**Task to complete**
Return the records from the first line through the line containing "Habitación individual clásica", and leave out the pictures.

-=-=-

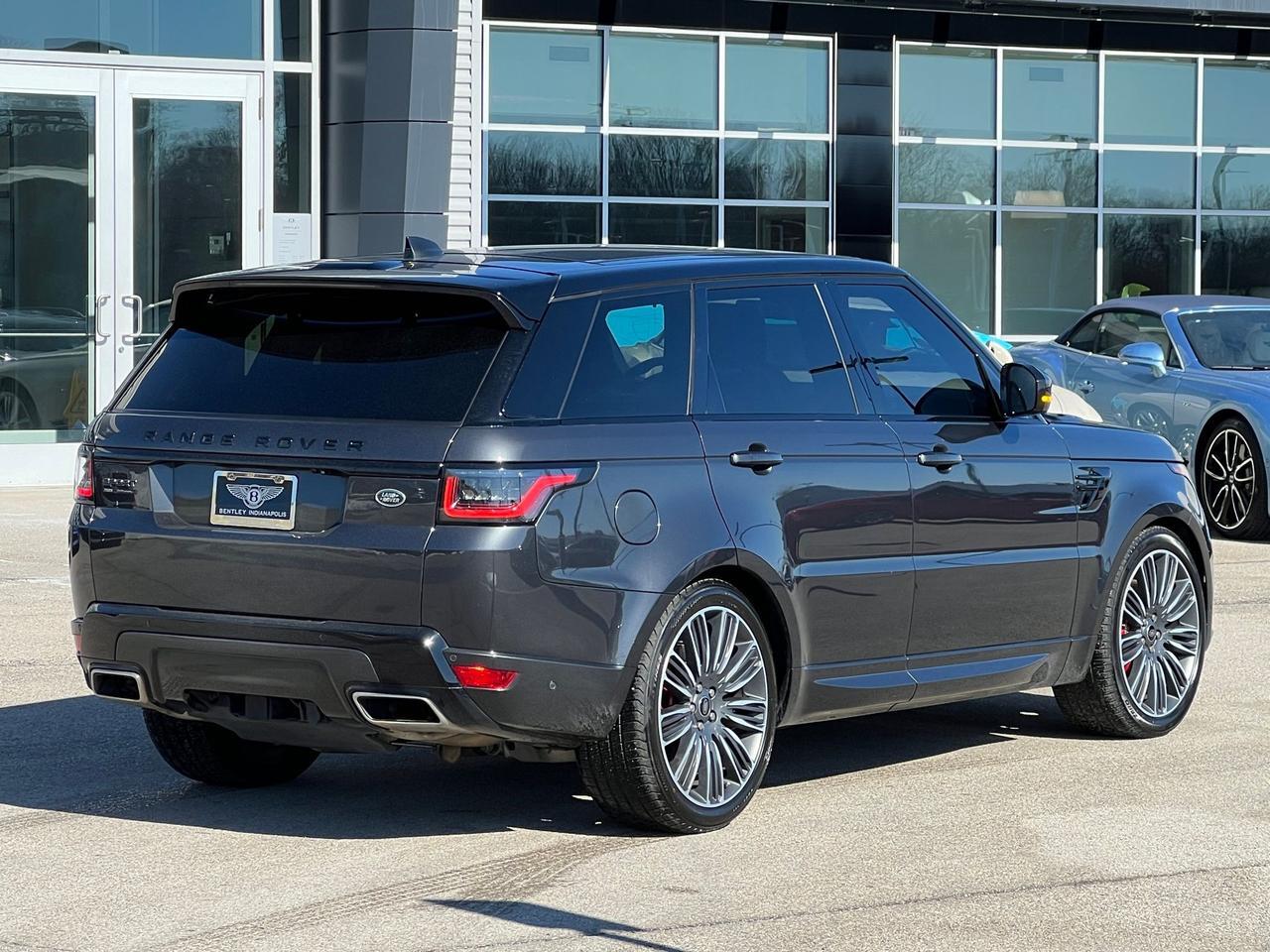 2022 Land Rover Range Rover Sport Autobiography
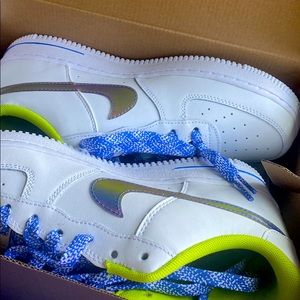 Nike Air Force 1’a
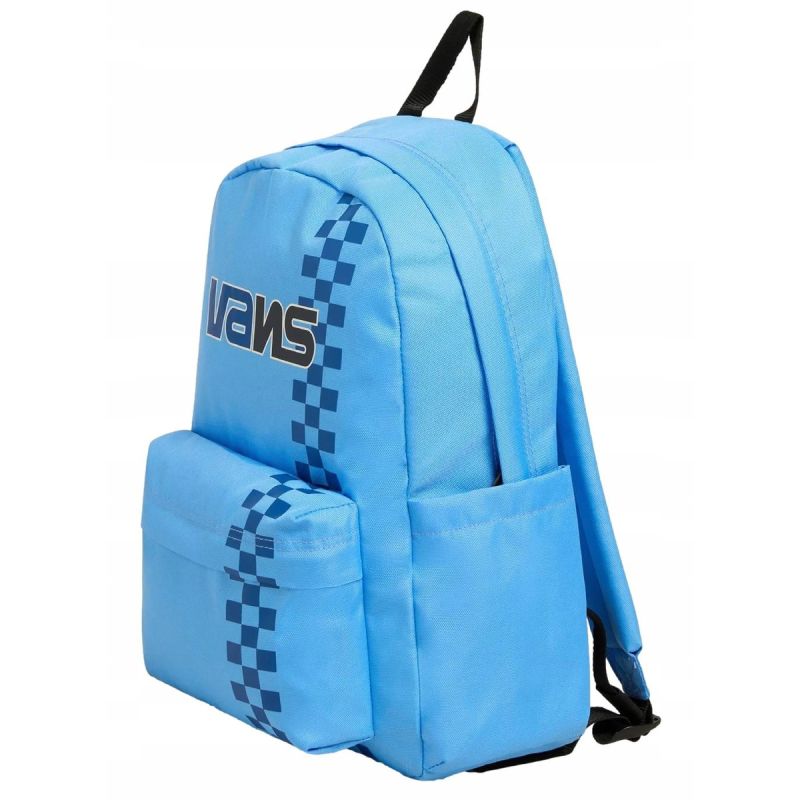 Vans Old Skool Grom Backpack 18L Blue - uniwersalny hátizsák VN000H56ENA1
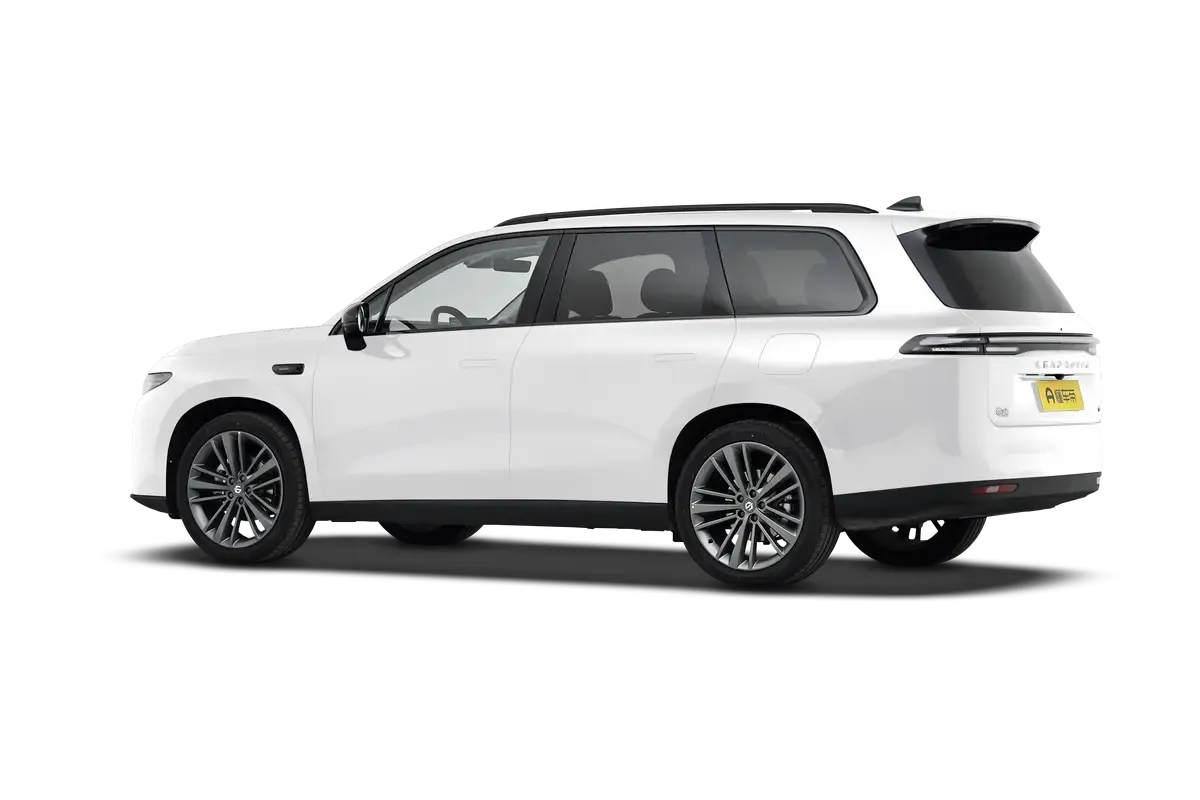 Электромобиль Leapmotor C16 2024 Extended Range 200 Intelligent Driving Edition (белый)_360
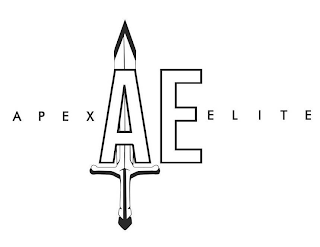 AE APEX ELITE logo
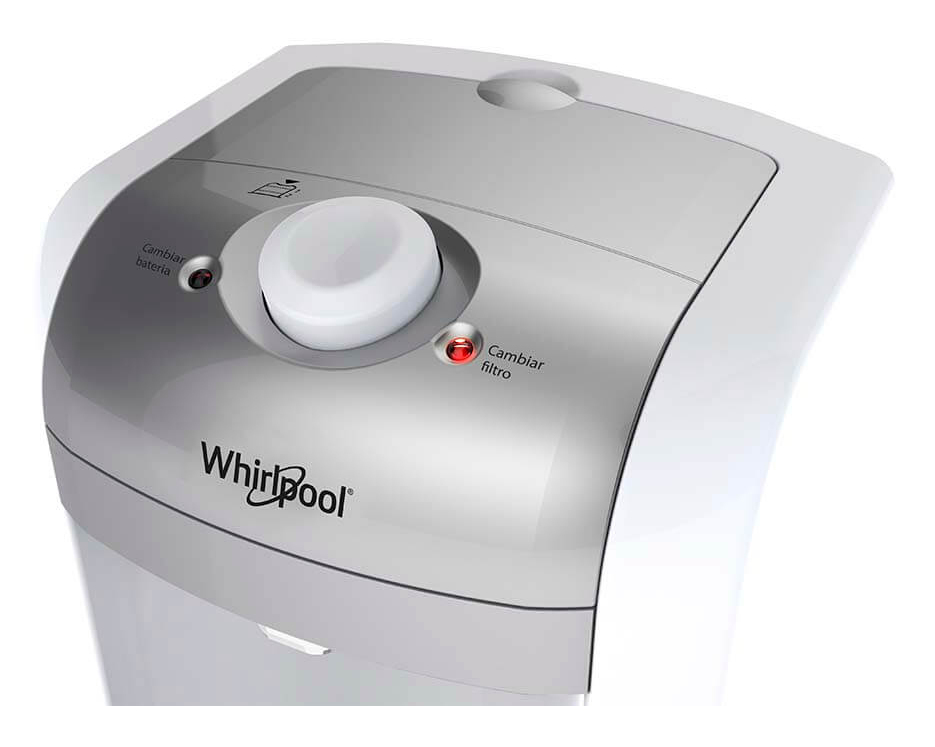Whirlpool WK9001QLB water dispenser White – image 2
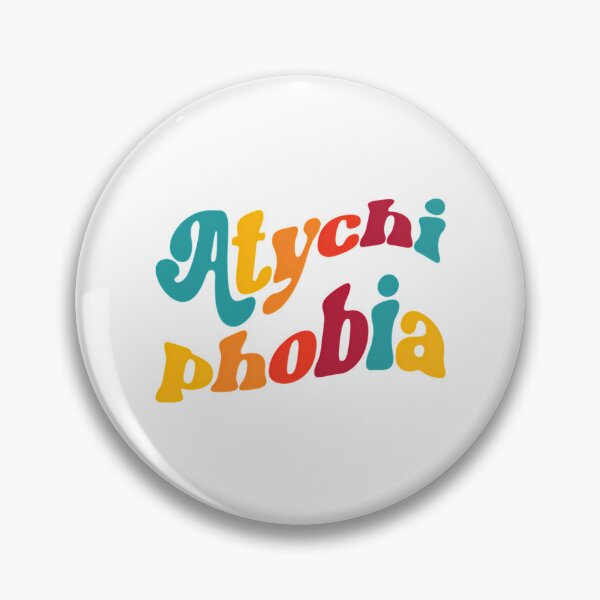 Item preview, Atychiphobia The Fear Of Failure designed and sold by Lion-Minard.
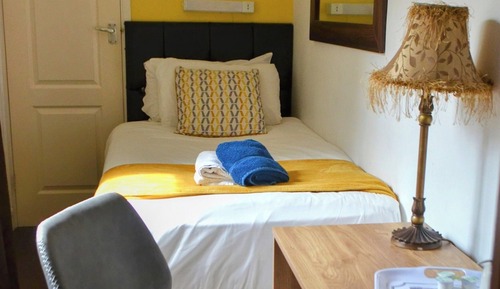 Habitación individual clásica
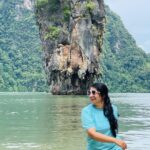 Sujitha Instagram - Bonding with my girls in jamesbond island 🏝 #new #post #photo #photooftheday #newpost #island #phuket #jamesbond #thailand #holiday #girls #trip #tour #happy #days #time #love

-=-=-

**Task output**
 2022 Land Rover Range Rover Sport Autobiography
 Nike Air Force 1’a
 Vans Old Skool Grom Backpack 18L Blue - uniwersalny hátizsák VN000H56ENA1
 Электромобиль Leapmotor C16 2024 Extended Range 200 Intelligent Driving Edition (белый)_360
 AE APEX ELITE logo
Whirlpool WK9001QLB water dispenser White – image 2
 Item preview, Atychiphobia The Fear Of Failure designed and sold by Lion-Minard.
 Habitación individual clásica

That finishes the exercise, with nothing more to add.